About a year ago, I took on the best imaginary job out there: CEO of CryoThaw, the finest company that never existed. I had come across a tweet announcing the 2017 Young Entrepreneurs Scheme competition, sponsored by the University of Nottingham with partners from the U.K. government and industry, in which teams form hypothetical startups based on feasible scientific ideas. As a graduate student unsure of my career plans, I was excited to explore outside academia. I also saw it as a way to develop my leadership skills. So, with the support of my supervisors and funders, I decided to give it a go. I recruited three other students, and we chose to focus on improving organ transplantation. I thought I had everything under control. I couldn’t have been more wrong.
They say successful teams are part art, part science. Initially, we were neither. We were just four students with remarkably different personalities struggling to work toward a shared goal. I had allocated tasks based on each team member’s skills, but I confused delegation with leadership and failed to motivate the team to work together. Our initial meetings went in circles—repetitive conversation with no clarity and a lot of time wasted rehashing previous decisions—and frequently ended in turmoil. As a result, the project started with frustration and animosity. The tension between being perceived as my teammates’ competent CEO and who I actually was—their grad school buddy with no prior leadership experience or training—became intolerable. I considered opting out of the whole thing.
After a few weeks, a teammate confessed to me that he found our meetings stressful, too. I finally grasped that this culture was unsettling for everyone, not just me. “Oh boy, I suck!” I thought. Something needed to change.
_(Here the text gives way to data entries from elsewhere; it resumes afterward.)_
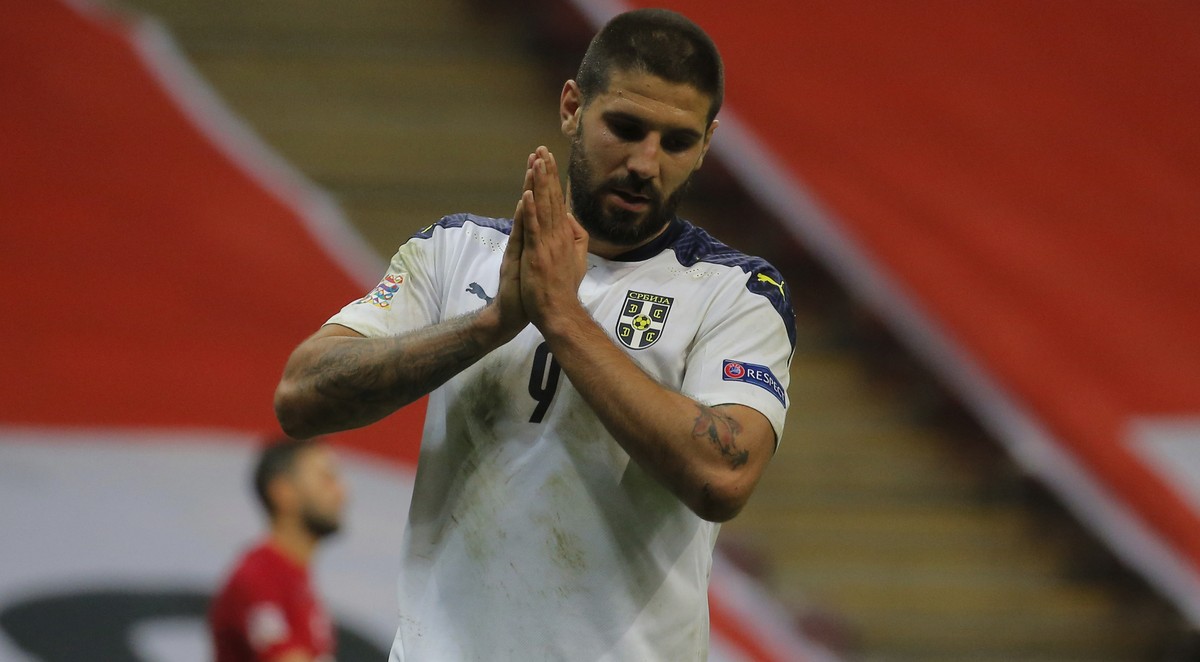 Serbia's Aleksandar Mitrovic reacts after missing a chance to score during the UEFA Nations League soccer match between Turkey and Serbia in Istanbul Wednesday, Oct. 14, 2020. The match ended 2-2 ...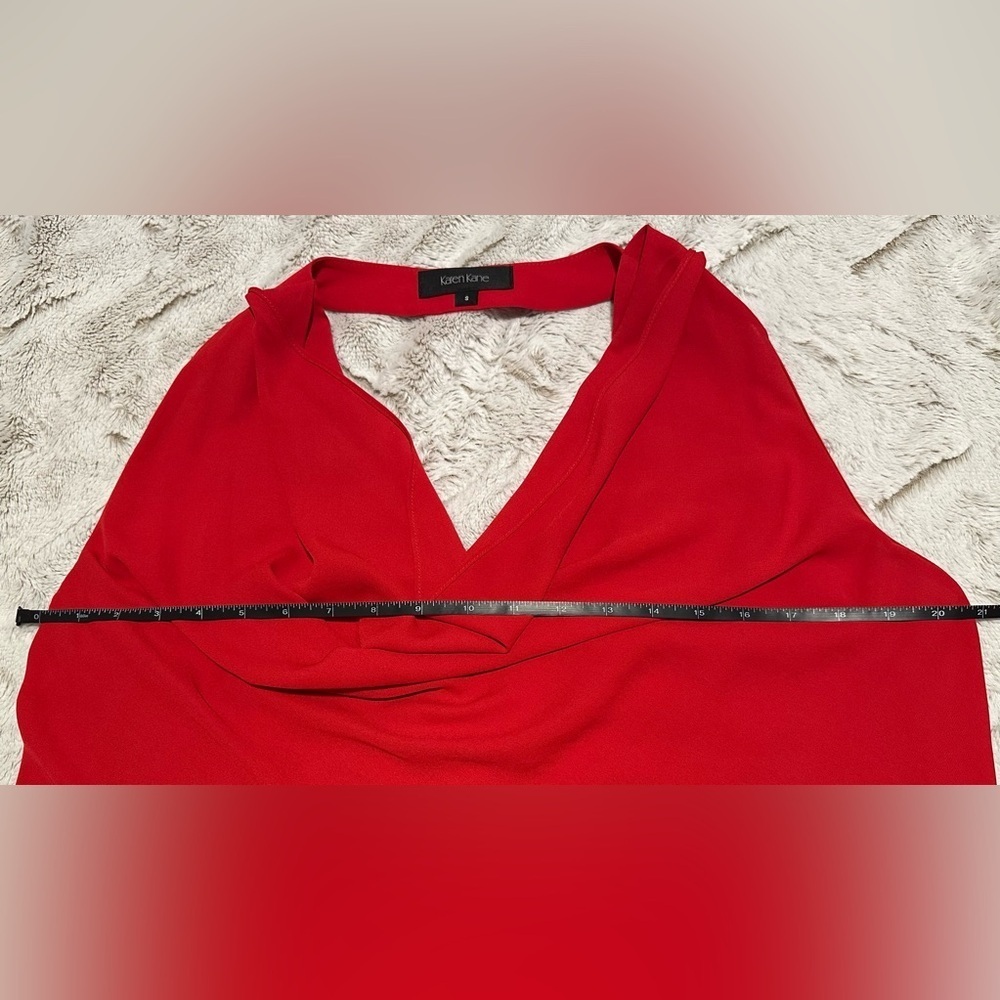 Karen Kane Vibrant Red Women's Draped Cowl Neck Top Blouse - Picture 3 of 8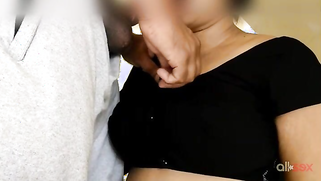 Slutty stepsis gets XXX cum on Paki boobs after oral sex with bro | XXX Video on AllSex.XXX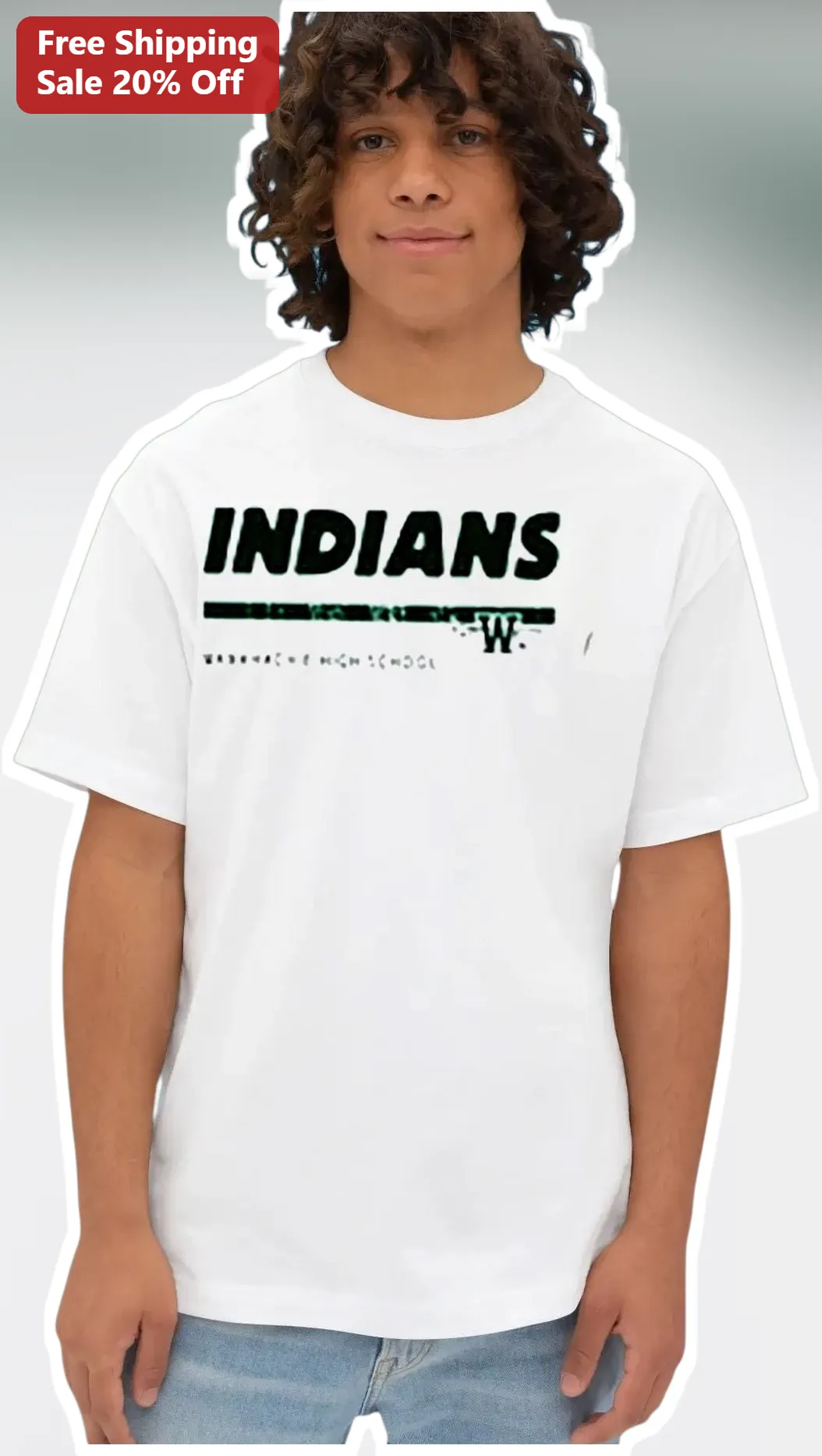 INDIANS Tee Vintage Collegiate Varsity Style Personalized High School Name Custom Gift for Men Women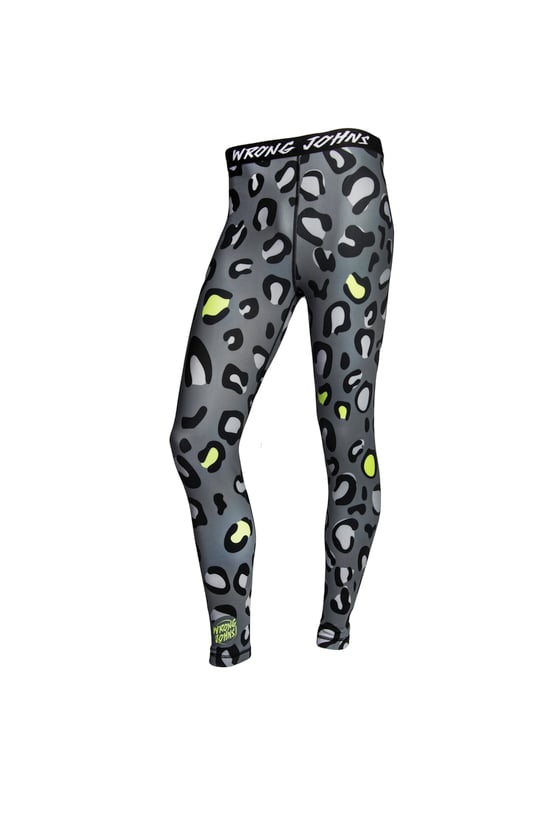 Image of Mens Grey Leopard Print Thermal Bottoms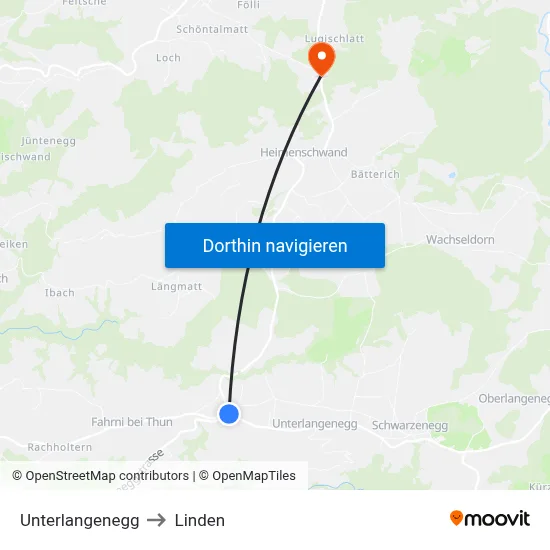 Unterlangenegg to Linden map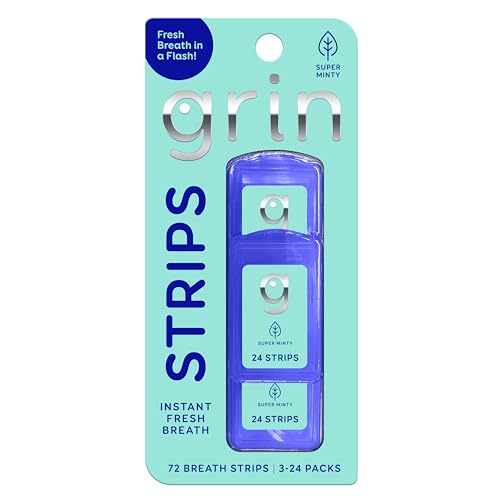 GRIN Super Minty Breath Strips - Sugar-Free Instant Dissolving Mint Freshener, 72 Count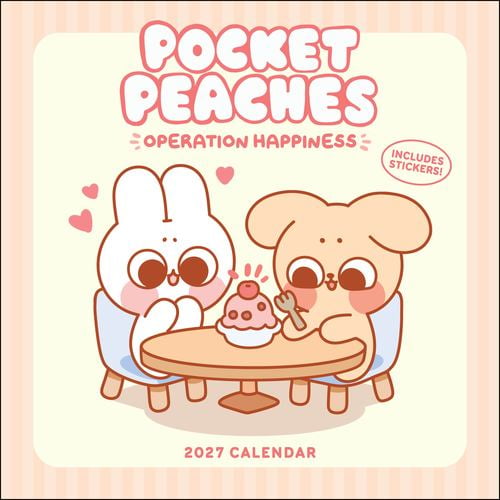 Pocket Peaches 2027 Wall Calendar with Stickers: Operation Happiness
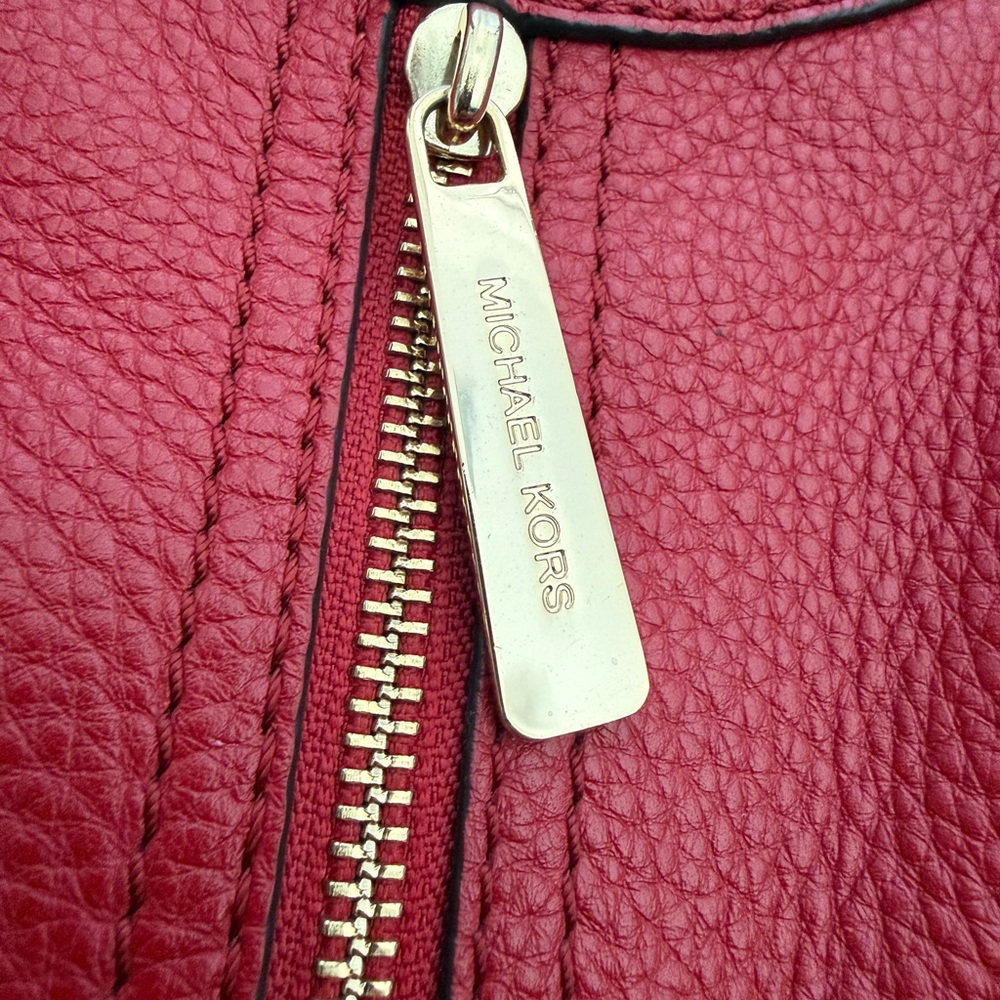 Michael Kors Red Leather Tote Bag Gold Hardware Zip Accents Shoulder Bag - Picture 8 of 12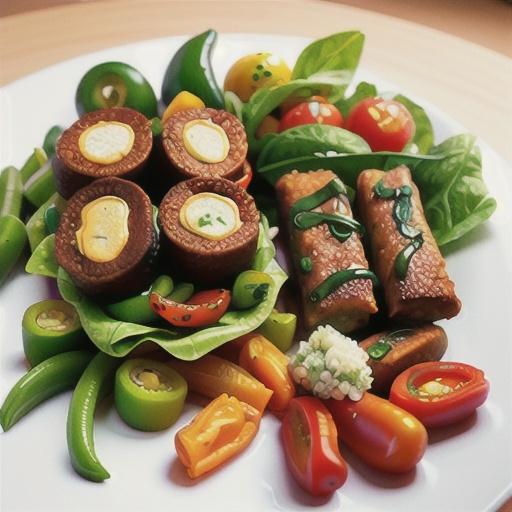 Rissoles on a stick with roast capsicum salad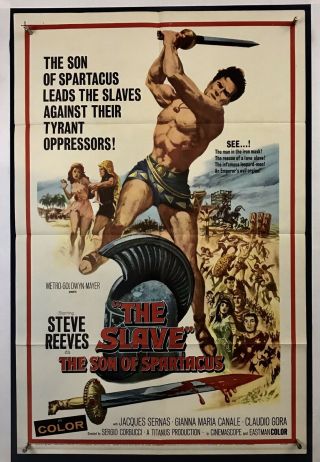 Slave Movie Poster (fine) One Sheet 1963 Steve Reeves Claudio Gora 3968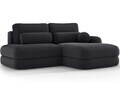 Coltar extensibil dreapta 3 locuri ELTAP, Ripeli, 217x175x96 cm, lemn/catifea din poliester, negru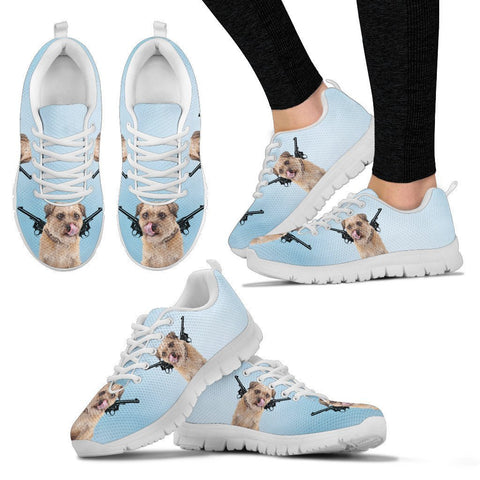 Two Guns With Border Terrier Print Running Shoes For Women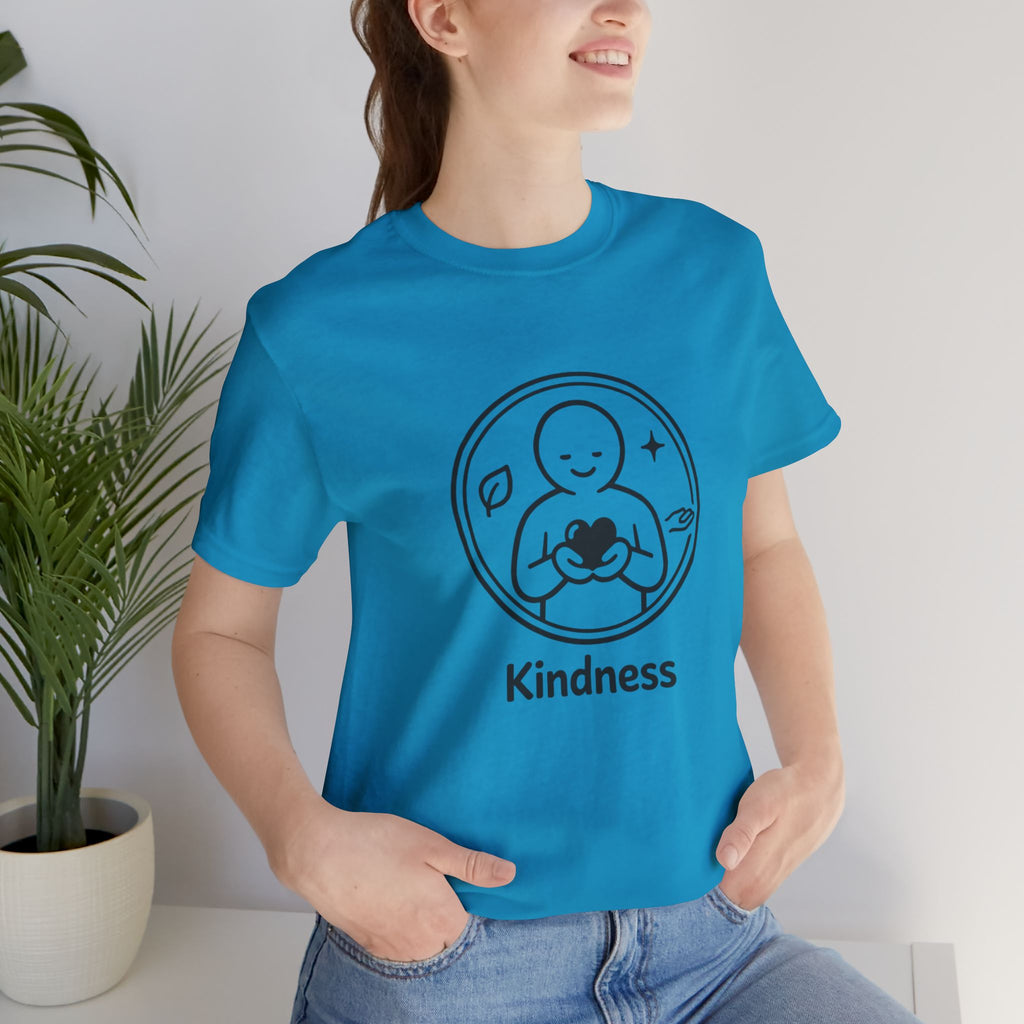 Kindness Minimalist T-Shirt | Inspirational Heart Emblem Tee | Soft Everyday Graphic Shirt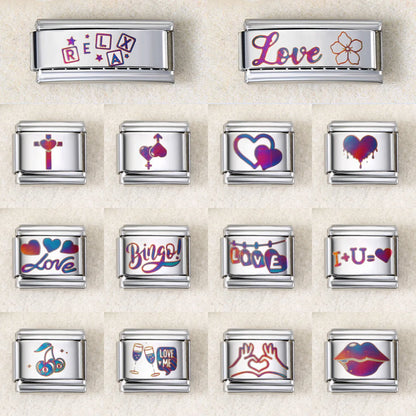 UV Laser Italian Charm Link 455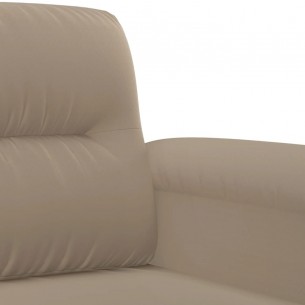 Ensemble de canapés 2 pcs avec coussins taupe tissu microfibre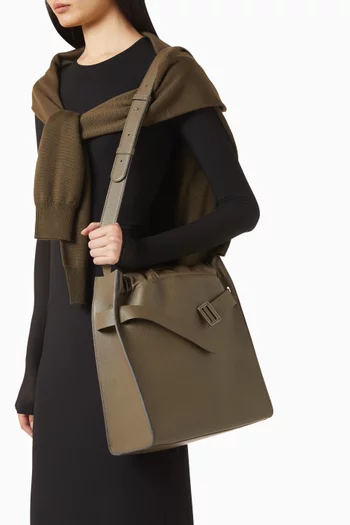 Scrunchy Tote Bag in Calfskin Leather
I turned to my go-to tool for working through my thoughts and seeking clarity: I wrote in my notebook. I reflected on our performance and how each team member was an asset. I articulated examples where everyone, myself included, could do better. I thanked them for pushing me. When I saw that what I had written actually made sense, I decided that there was nothing to do but email it to my team as what I called an “open letter from your CEO.” Maybe it would help us find a way forward, because otherwise we were going nowhere.
Team chemistry took off as we spoke our minds, good and bad.
For a day, I could hardly bear to check my email. Then I cut myself some slack and decided I could feel proud of this appreciative, frank, vulnerable email. It felt like progress. Soon, my teammates called and thanked me for what I had written. They were relieved to learn that they were not the only ones struggling. Ultimately, the email served as a bond. And it taught me that being a leader is all about authenticity.
From there, team chemistry took off as we spoke our minds, good and bad. I found my voice as a leader, fostering an environment where we acknowledged our individual strengths and weaknesses, and where I wasn’t expected to have all the answers but could nevertheless provide guidance. We read and watched everything we could find about heart transplantation, learned from webinars about startups, networked with experienced entrepreneurs, contacted national health services for data, and arranged consultations with medical experts. Then, one day, a teammate entered the meeting with his hands full of papers and his breath shallow with excitement. “This cryopreservation thing is wicked!” he exclaimed. Soon after, we came up with CryoThaw Heart, a gold nanoparticle and laser–based approach to rapidly freeze and thaw hearts. We put together our business plan, pitched it, got selected for the finals—and won our division as well as the people’s choice award.
Looking back, it wasn’t just a matter of how successful we turned out to be; it was also how far from successful we were at first. Our initial failures made me realize how being a leader starts with being your better self. Heartbreak doesn’t have to be the end of the world. In many ways, it can be a beginning.